Care-home failures can be devastating
By Rob Perez
Advertiser Staff Writer
When Lloyd Saito died in 2004 at the age of 60, his family wasn't told the full story behind his death.
His main survivors, his siblings, didn't know that the woman who ran the Honolulu care home where Saito lived had gone shopping the evening of his fatal accident, leaving no qualified caregiver to watch him or the other residents.
They didn't know that when the Army veteran accidentally fell at the home, he lay seriously injured on the floor for up to an hour before another resident found him, shaking and having seizures. Saito died the next day from head injuries suffered in the fall.
The siblings also weren't told that the state, after a formal investigation, shut down the care home three months later, largely because of what happened to their brother.
Only when a reporter shared those details recently — more than five years after Saito's death — did they learn the full story. The details were mostly disclosed in a license revocation letter to the care home operator that was obtained by The Advertiser through a public-records request.
"Unbelievable," said Linda Saito, 62, a retired city worker and one of Lloyd's sisters. "I'm shocked. No one ever notified us."

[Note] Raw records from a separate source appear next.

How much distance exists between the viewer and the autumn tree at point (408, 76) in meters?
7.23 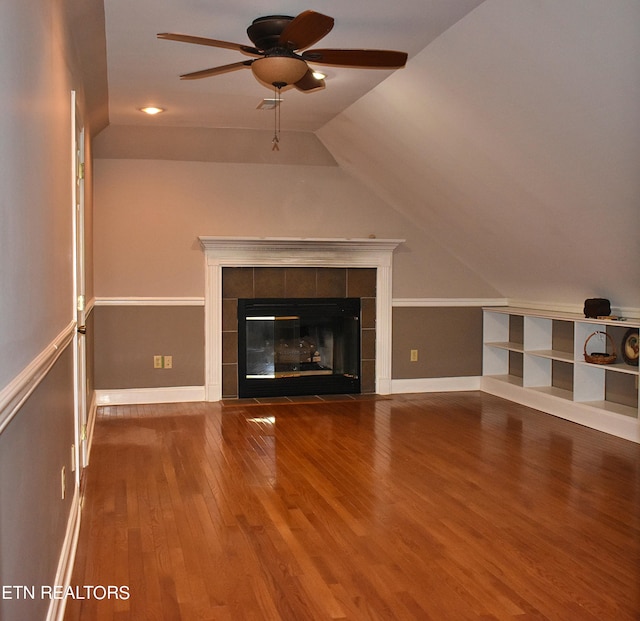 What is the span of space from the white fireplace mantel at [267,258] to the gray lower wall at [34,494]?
3.47 m

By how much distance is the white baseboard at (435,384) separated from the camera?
22.9ft

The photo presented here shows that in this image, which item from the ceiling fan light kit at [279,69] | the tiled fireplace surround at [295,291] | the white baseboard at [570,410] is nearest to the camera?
the ceiling fan light kit at [279,69]

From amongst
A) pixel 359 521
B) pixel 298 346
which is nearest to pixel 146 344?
pixel 298 346

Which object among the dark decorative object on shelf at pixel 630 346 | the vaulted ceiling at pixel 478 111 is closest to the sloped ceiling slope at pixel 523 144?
the vaulted ceiling at pixel 478 111

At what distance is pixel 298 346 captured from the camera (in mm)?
6848

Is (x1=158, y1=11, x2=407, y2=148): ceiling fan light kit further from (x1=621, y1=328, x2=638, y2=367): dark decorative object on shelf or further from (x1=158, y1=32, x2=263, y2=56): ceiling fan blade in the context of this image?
(x1=621, y1=328, x2=638, y2=367): dark decorative object on shelf

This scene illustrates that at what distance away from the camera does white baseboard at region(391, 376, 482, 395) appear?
6.98 metres

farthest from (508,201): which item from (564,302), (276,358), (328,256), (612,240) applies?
(276,358)

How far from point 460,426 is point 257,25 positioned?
333cm

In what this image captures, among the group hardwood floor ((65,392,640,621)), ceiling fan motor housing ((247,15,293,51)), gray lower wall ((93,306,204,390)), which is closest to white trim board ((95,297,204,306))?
gray lower wall ((93,306,204,390))

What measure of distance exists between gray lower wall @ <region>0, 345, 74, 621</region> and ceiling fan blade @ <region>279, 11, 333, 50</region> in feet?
5.33

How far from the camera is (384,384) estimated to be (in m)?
6.91

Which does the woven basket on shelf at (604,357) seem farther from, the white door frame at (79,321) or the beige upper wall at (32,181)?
the beige upper wall at (32,181)

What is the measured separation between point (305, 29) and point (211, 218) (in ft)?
12.1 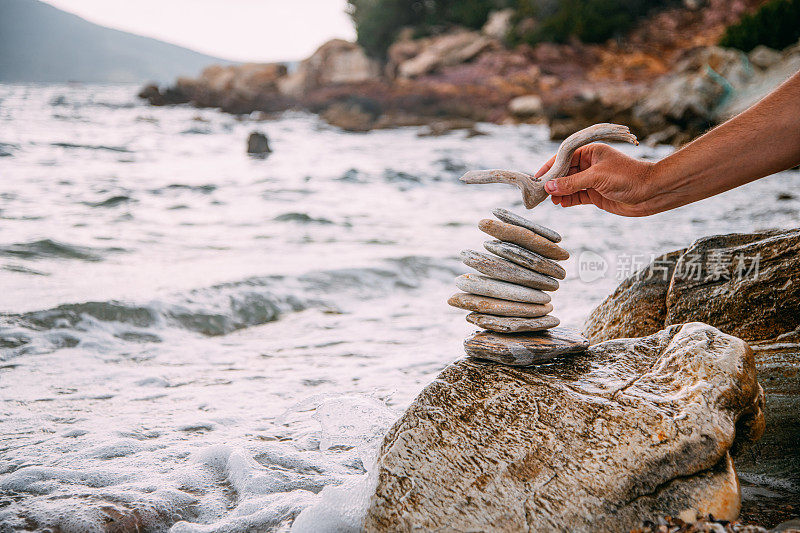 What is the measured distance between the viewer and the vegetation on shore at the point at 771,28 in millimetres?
22688

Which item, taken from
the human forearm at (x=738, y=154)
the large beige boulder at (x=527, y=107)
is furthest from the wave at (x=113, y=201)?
the large beige boulder at (x=527, y=107)

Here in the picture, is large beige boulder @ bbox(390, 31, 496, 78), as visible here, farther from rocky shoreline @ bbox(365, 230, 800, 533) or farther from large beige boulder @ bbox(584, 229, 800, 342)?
rocky shoreline @ bbox(365, 230, 800, 533)

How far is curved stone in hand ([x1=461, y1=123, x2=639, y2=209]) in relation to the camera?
8.47 feet

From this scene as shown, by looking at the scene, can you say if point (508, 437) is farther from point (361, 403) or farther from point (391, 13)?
point (391, 13)

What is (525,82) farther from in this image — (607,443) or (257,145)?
(607,443)

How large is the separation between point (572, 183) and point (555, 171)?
0.32 ft

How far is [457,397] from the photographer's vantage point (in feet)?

The state acknowledged that it should have contacted the family but didn't.
The Saito case illustrates just one of many ways Hawai'i's system for long-term care for the aged and disabled has failed the very people it is designed to serve. It is a system fraught with problems of poor oversight, questionable care practices and breakdowns in the protective net designed to keep seniors safe.
Based on interviews with close to 100 people in the long-term-care arena and a review of thousands of pages of documents, The Advertiser found that government and private-sector oversight has failed to keep pace with changes sweeping the industry as Hawai'i's elderly population rapidly grows, demand for services surges and more care is shifting to converted homes in residential neighborhoods.
Gaps were found throughout the system, from a flawed, inefficient process for placing seniors in neighborhood facilities to lax monitoring once they're placed. And the inefficiencies drive up the cost of care, a problem that becomes magnified in a sluggish economy.
Adding to the system strain, the placement process at times is tainted by fraud, cronyism and use of kickbacks to steer patients to certain neighborhood facilities, according to an internal industry document obtained by The Advertiser and interviews with health care workers and patients' families.
That practice has had a dramatic effect on some seniors. With placements influenced by financial and other nonmedical incentives, some elderly — especially those difficult to tend to — are sent to facilities that are not good matches. Eventually, the caregivers, unable or unwilling to care for them, inappropriately dump the residents at hospital emergency rooms, further gumming up the system, according to health care officials.
The state recently shut down a foster home for refusing to take back a patient from an emergency room after the hospital did not admit the patient.
Because of the many flaws in the overall system, some health care professionals and elder advocates question whether Hawai'i will be adequately prepared for the coming of what is referred to as a silver tsunami.
By 2020, one in four residents here is expected to be 60 or older. The demand for long-term-care services is projected to mushroom, even as the system strains to deal with existing demand.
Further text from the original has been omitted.